- Born: November 1932 (age 93) Xixiang County, Shaanxi, China
- Citizenship: China
- Known for: Dictionary of the Tangut language
- Awards: Wu Yuzhang Prize for Humanities and Social Sciences (2002)
- Scientific career
- Fields: Linguistics
- Workplaces: Chinese Academy of Social Sciences
- Academic advisors: Luo Fuyi [zh]

= Li Fanwen =

Chinese linguist (born 1932)

Li Fanwen (李範文 (李范文, Lǐ Fànwén)) (born November 1932) is a Chinese linguist and Tangutologist.

==Biography==

Li Fanwen was born in Xixiang County, Shaanxi in November 1932. After leaving school, he worked for several years before going to Beijing to study Tibetan at the Central College for Nationalities, from which he graduated in 1956. He stayed on at the college as a research student in the History department until he graduated in 1959. By this time, he had become fascinated with the extinct and only semi-deciphered Tangut script, and in 1960 he decided to move to Yinchuan in Ningxia, the former capital of the Tangut Empire, to devote himself to Tangut studies, but his wife was unwilling to accompany him, so they divorced.
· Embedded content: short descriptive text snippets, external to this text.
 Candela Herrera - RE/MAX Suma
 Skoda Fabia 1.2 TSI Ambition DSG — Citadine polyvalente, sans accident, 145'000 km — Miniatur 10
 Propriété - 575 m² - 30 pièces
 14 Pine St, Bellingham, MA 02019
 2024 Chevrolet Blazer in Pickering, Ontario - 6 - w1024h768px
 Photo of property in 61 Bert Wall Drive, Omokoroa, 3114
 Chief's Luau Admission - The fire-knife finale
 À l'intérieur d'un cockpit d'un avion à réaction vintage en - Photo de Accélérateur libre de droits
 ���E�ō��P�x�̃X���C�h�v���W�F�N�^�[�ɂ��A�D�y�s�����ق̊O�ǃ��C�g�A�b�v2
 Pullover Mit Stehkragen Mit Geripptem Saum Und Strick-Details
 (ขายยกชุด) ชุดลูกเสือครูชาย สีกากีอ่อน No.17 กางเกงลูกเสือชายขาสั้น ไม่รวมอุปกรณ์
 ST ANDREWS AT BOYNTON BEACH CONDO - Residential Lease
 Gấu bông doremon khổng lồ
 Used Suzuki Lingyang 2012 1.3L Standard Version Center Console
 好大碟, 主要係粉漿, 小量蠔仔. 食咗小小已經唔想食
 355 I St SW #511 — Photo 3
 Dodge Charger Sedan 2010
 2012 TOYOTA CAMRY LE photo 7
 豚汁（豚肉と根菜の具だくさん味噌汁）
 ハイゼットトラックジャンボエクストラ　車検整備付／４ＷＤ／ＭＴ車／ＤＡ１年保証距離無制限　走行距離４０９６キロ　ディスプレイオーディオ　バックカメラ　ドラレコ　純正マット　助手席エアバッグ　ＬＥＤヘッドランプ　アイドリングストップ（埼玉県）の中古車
When Li Fanwen arrived at Ningxia, he was disappointed to find that there were no opportunities to study the Tangut script and language, and instead he was assigned to Ningxia Education College to research the Hui people. Two years later, he was reassigned to the Ningxia Museum and he was finally able to dedicate himself to the study of Tangut history and language. He was sent by the museum to participate in a minor capacity in the excavations of the Western Xia tombs at the foot of the Helan Mountains, and whilst his new wife (Yang Shende 楊慎德) and children stayed behind at Yinchuan, he lived and worked at the excavations for seven years. The conditions were harsh, and the rations meagre, so that at the end of seven years, he had become emaciated and very ill, but his wife nursed him back to health.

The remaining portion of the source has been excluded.